Why GAO Did This Study:
The Small Business Administration‘s (SBA) 7(a) program is intended to
provide loan guarantees to small business borrowers who cannot obtain
conventional credit at reasonable terms and do not have the personal
resources to provide financing themselves. In fiscal year 2008, SBA
guaranteed over 69,000 loans valued at about $13 billion. To assist in
oversight of the 7(a) program, GAO was asked to (1) describe SBA‘s
criteria and lenders‘ practices for determining that borrowers cannot
obtain credit elsewhere and (2) examine SBA‘s efforts to ensure that
lenders are complying with the credit elsewhere provision. To meet
these objectives, GAO reviewed applicable statutes and guidance,
visited 18 lenders and reviewed 238 of their loan files, reviewed 97 on-
site lender review reports, and interviewed SBA officials. GAO‘s
samples of lenders and loan files were not generalizable.
What GAO Found:
The Small Business Act and 7(a) program regulations and guidance allow
lenders to use their conventional lending practices to determine
whether borrowers can obtain credit elsewhere at reasonable terms. On
the basis of a review of 238 loan files at 18 lenders, GAO observed
that the most common reasons these lenders cited to substantiate that
borrowers could not obtain credit elsewhere were that the borrower
needed a longer maturity than the lender‘s policy permitted and the
borrower‘s collateral did not meet the lender‘s requirements. These
factors are two of the six listed in SBA‘s guidance as acceptable to
substantiate that a borrower could not obtain conventional credit.
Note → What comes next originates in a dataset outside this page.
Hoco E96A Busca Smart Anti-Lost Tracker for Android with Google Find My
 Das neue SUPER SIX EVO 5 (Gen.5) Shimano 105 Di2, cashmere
SBA has issued little guidance on how lenders should document in their
files that borrowers could not obtain credit elsewhere. Internal
control standards for federal agencies specify that good guidance
(information and communication) is necessary to help ensure the proper
implementation of program rules. While SBA‘s guidance requires lenders
to explain why the borrower could not obtain credit elsewhere in the
loan file, it does not specify what exactly lenders should include in
their explanations. Between October 2006 and March 2008, SBA reviewed
97 lenders and determined that 31 of them had failed to consistently
document that borrowers met the credit elsewhere requirement or
personal resources test. All but one of the lenders with whom GAO met
documented their credit elsewhere decisions in some way; however, given
the broad authority granted to lenders, the explanations were generally
not specific enough to reasonably support the lender‘s conclusion that
borrowers could not obtain credit elsewhere. A number of these lenders
used a checklist that simply listed the six acceptable reasons cited in
SBA‘s guidance for substantiating that a borrower could not obtain
credit elsewhere and did not prompt them to provide more information
specific to the borrower”for example, details on insufficient
collateral. Absent detailed guidance on what exactly SBA wants lenders
to document in their credit elsewhere determinations, lenders likely
will continue to offer limited information in their files, making
meaningful oversight of compliance with the credit elsewhere
requirement difficult.
What GAO Recommends:
GAO recommends that SBA issue more detailed guidance to lenders on how
to document their compliance with the credit elsewhere requirement. In
responding to a draft of this report, SBA stated that it would use
GAO‘s findings to create more specific guidance for lenders.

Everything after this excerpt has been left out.